I continued my own seafaring career well beyond that trip to Trinidad. And as time ticked by I both enjoyed—and was occasionally terrorized by—hundreds of happenings that still play like movies in my mind today. Stuff like delivering American-built patrol boats to Panama—and collecting giant rolls of cash from guys in dark suits and reflector sunglasses. And dealing with outrageous storms on board old oceangoing tugs like the Sara Hayes and the Betty Wood. And watching literally thousands of bottlenose dolphins play the Humboldt Current off the coast of Peru, many of them shooting out of the big rollers like joyful rockets.
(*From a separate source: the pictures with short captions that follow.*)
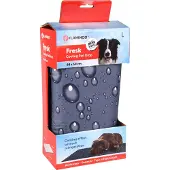 Flamingo Coussin de refroidissement pour chien Fresk Drop Gris S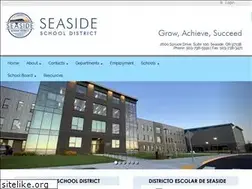 Sites similar to seaside.k12.or.us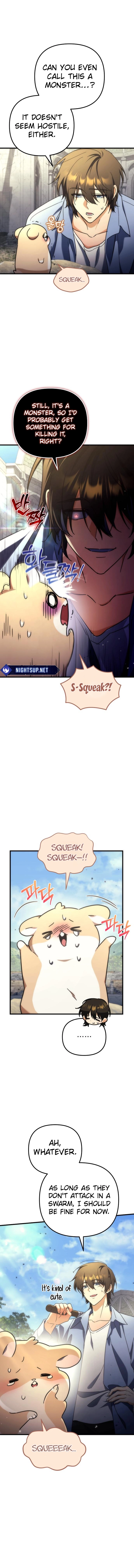 The Goddess of Abundance and the Genius Troublemaker Apostle — Chapter 3 — page 6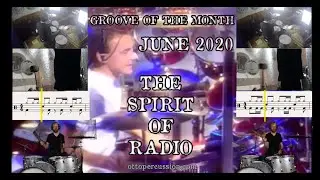Groove Of The Month - June 2020 - The Spirit Of Radio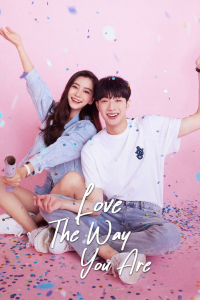 Poster Love The Way You Are (2022)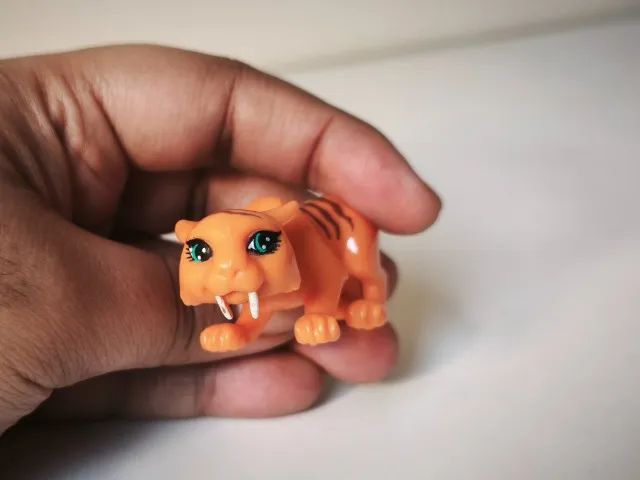 Pet Toralei Stripe - Monster High G1 - Foto 4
But yeah, okay, the dream?

Last summer, I bought a comparatively small, 30-year-old pocket cruiser, mostly because I love her classical good looks. And although the boat has additional virtues, like a practically new Awlcraft paint job and a practically new Yanmar diesel, I was fully aware when I purchased her that she needed a good bit of upgrading, particularly in light of the very special plan—the very special dream—I had in mind for her.

The idea, you see, is to do a trip like I used to in the old days. Only this time, I’ll be traveling from the Florida coast to the Bahamas or, more particularly, to Hopetown in the Abacos, a destination that, for some reason, inspires me today just as much as places like Port Moreseby, New Guinea, and Antofagasta, Chile, used to way back when. And, of course, to safely actualize such a jaunt, a very reliable boat is called for, a boat that, while old, must be rendered entirely new in terms of systems.

So Doc, is it any wonder we’re talking a serious refit here, with new electrics, water, sanitation, mechanicals … you name it? And is it any wonder that so much work is required—along with so much money and so much time spent away from home—that my wife is making unsettling pronouncements these days like: “You’re obsessed, obsessed! You need to see a psychiatrist. I mean it!”

Oh sure. Sure. I get your drift. Flowers? Yeah, okay. Hit a few long-neglected chores around the ranchero? Maybe a nice romantic dinner for two some place? Certainly. But I’m not crazy, eh Doc? I mean like crazy-crazy, right? Oh! Shoot! Really. Huh! Really?